This is a balance that I am continuing to focus on in my reflection, and attempting to improve. Certainly one important part of the solution is learning how to sensitively make teachers aware of their ‘unperceived’ needs.

I continue to find Lee Shulman’s (1986) construct ‘pedagogical content knowledge’ compelling: what is it that science teachers need to know that (a) other teachers don’t and (b) scientists don’t? At another level, what do I need to know in order to teach science teachers that (a) science teachers don’t and (b) my colleagues in other disciplines within this department don’t? If knowledge is defined in enactivist terms, as a disposition toward certain (emergent) ways of acting in certain contexts, then how will my actions (including mental representations) be different when teaching compared to those of others? In what ways do my teaching/learning/research, inside and outside classrooms, inform and enrich my Being, in order that I can enrich others?

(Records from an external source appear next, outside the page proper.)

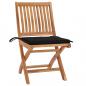 Preview: Klappbare Gartenstühle mit Kissen 4 Stk. Massivholz Teak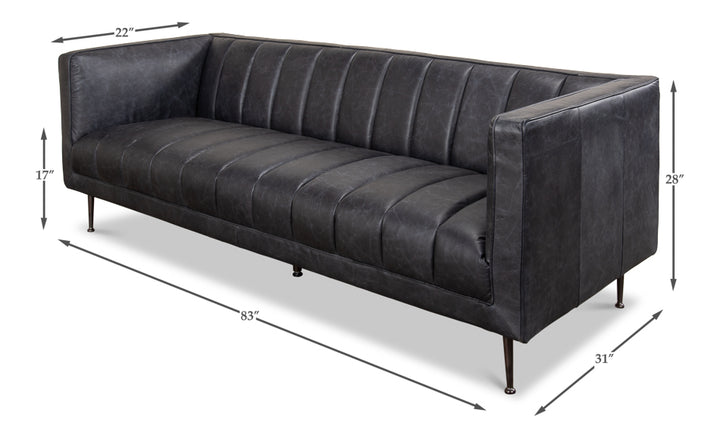 American Home Furniture | Sarreid - Lexington Sofa Nottinghill Grey Leather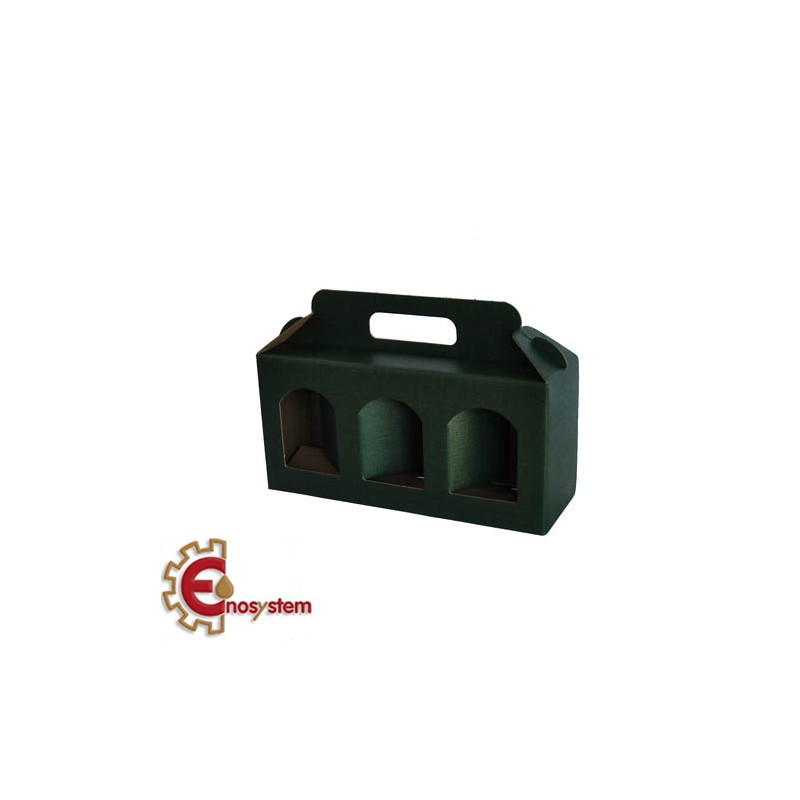 Scatola verde per 3 vasetti da 314 mL (10 pz)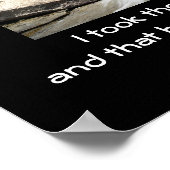 Route moins parcourue - impression d'art (Coin)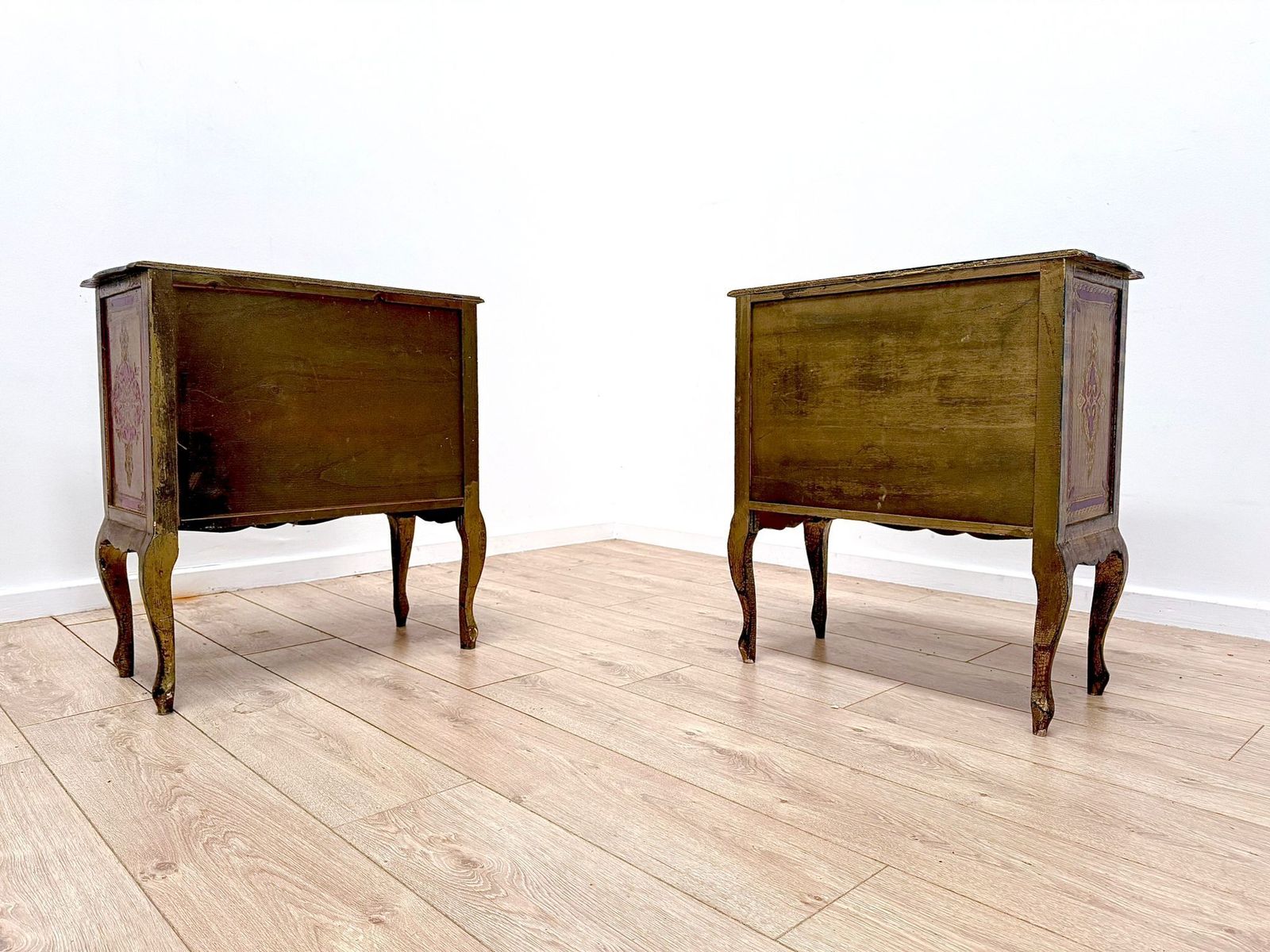 825.0 Superb Near Pair Italian Florentine Cabinets  Early 20th Century Delivery Available 0207. photo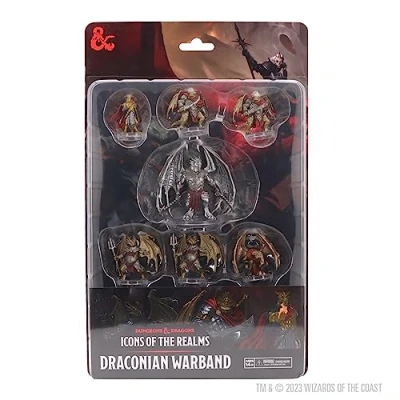 Immagine di Wizkids Miniatura D&amp;D Icons of The Realms Draconian Warband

Teaching is an activity for grownups, and while I think I’m sufficiently grown up to be a very good teacher, maturity is a self-regulating ideal, and there’s always more growing up to do. The central task is to keep an open mind and an open heart.

Notes

  1. I chose not to use the more familiar ‘Philosophy of Teaching’ title. My philosophy professor at the University of Melbourne, Keith Fleming, convinced me that ‘philosophy’ is a process, not a product – something one does, rather than has. My reason for using a term broader than ‘teaching’ is explained in the text.
  2. I have chosen to use quite lengthy quotes from my colleague, Max Van Manen, simply because his writing on these points so lucidly encapsulates my own beliefs and attitudes.

References

Davis, B. (1995). Why teach mathematics? Mathematics education and enactivist theory. For the Learning of Mathematics, 15(2): 2-9.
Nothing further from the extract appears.